Aik Thi Laila is a Pakistani television series directed by Yasir Hussain, and written by Faiza Iftikhar. It stars Iqra Aziz, Hussain, Faysal Quraishi, Hassan Ahmed and Maham Amir with Sheheryar Munawar in a cameo appearance. It aired from 8 December 2022 to 12 January 2023, on Express Entertainment.

Cast 

 Iqra Aziz as Laila
 Yasir Hussain as Inspector Sajid
 Faysal Quraishi as Azeem Ullah
 Inaya Khan as Saba Azeem Ullah
 Gul e Rana as Nuzhat Keenchi
 Nayyar Ejaz as Hafeez
 Hassan Ahmed as Fareed
 Maham Amir as Inspector Rukaiyya
 Usama Bin Ateeq as Kashif
 Fareeha Jabeen as Kashif's mother
 Sheheryar Munawar as Qais (cameo)
 Asif Latta

Production

Background and development 
On 11 August 2022, it reported that Aziz will feature in Hussain's directorial Aik Thi Laila, which is written by screenwriter Faiza Iftikhar. The other cast members were also revealed along with the genre of the series, which will be murder-mystery.

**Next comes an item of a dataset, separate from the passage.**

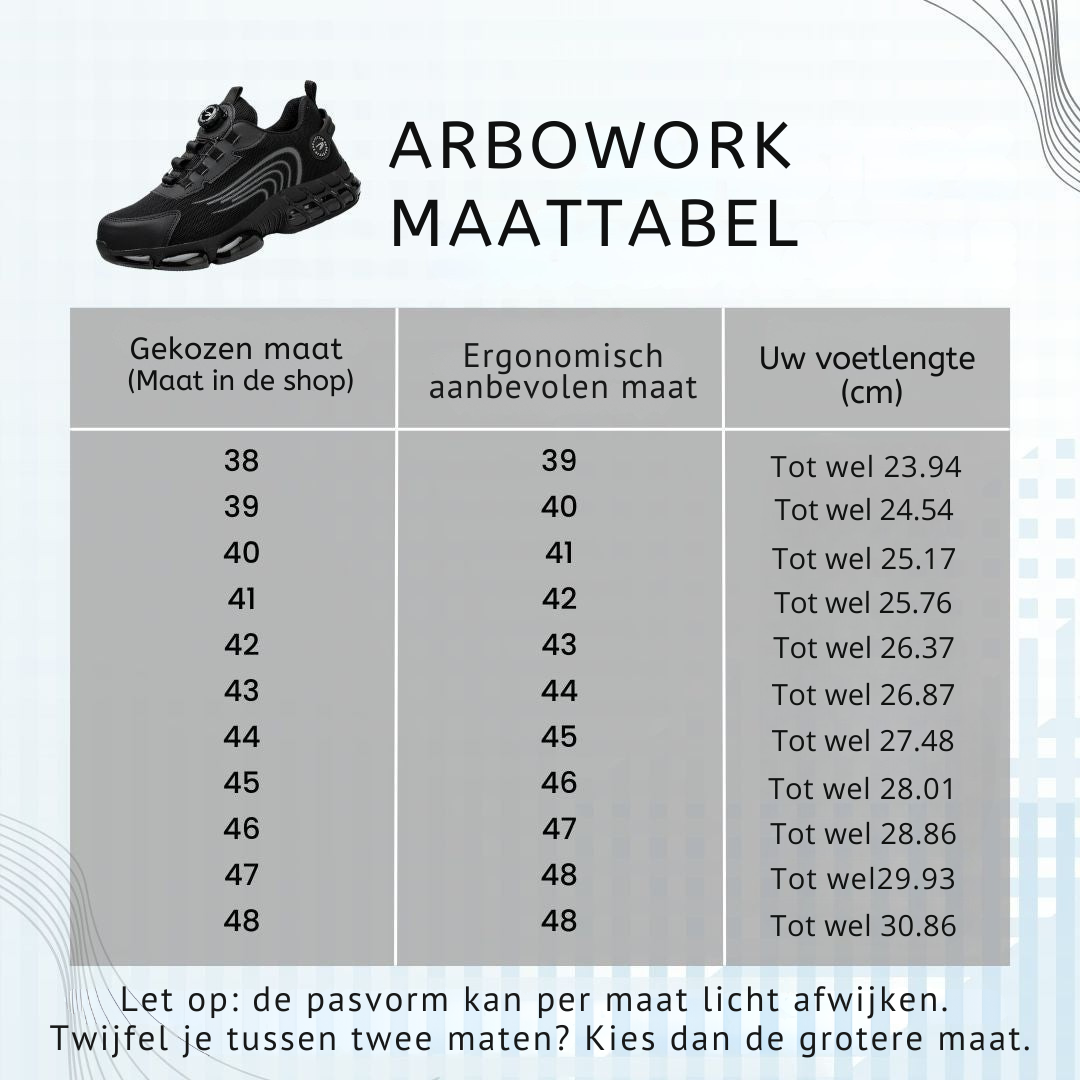ArboFlex™ maattabel – twijfel je tussen twee maten kies de grotere maat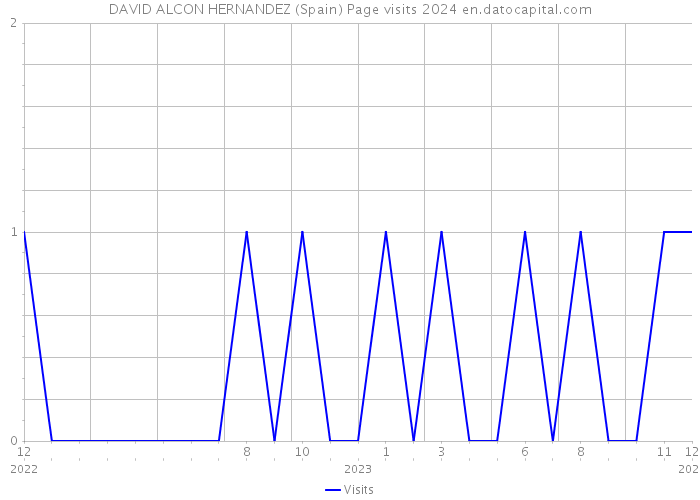 DAVID ALCON HERNANDEZ (Spain) Page visits 2024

Express Tribune reported that the series will revolve around a disappearance case, much like Dua Zehra case. The series marked Aziz's comeback to television after 2 years. In conservation with Daily Pakistan, she further reveled that series will have only 5 episodes.

Promotion and release 
The poster of the series featuring the cast members was unveiled by the network on 12 November. The first teaser of the series was released on 15 November 2022.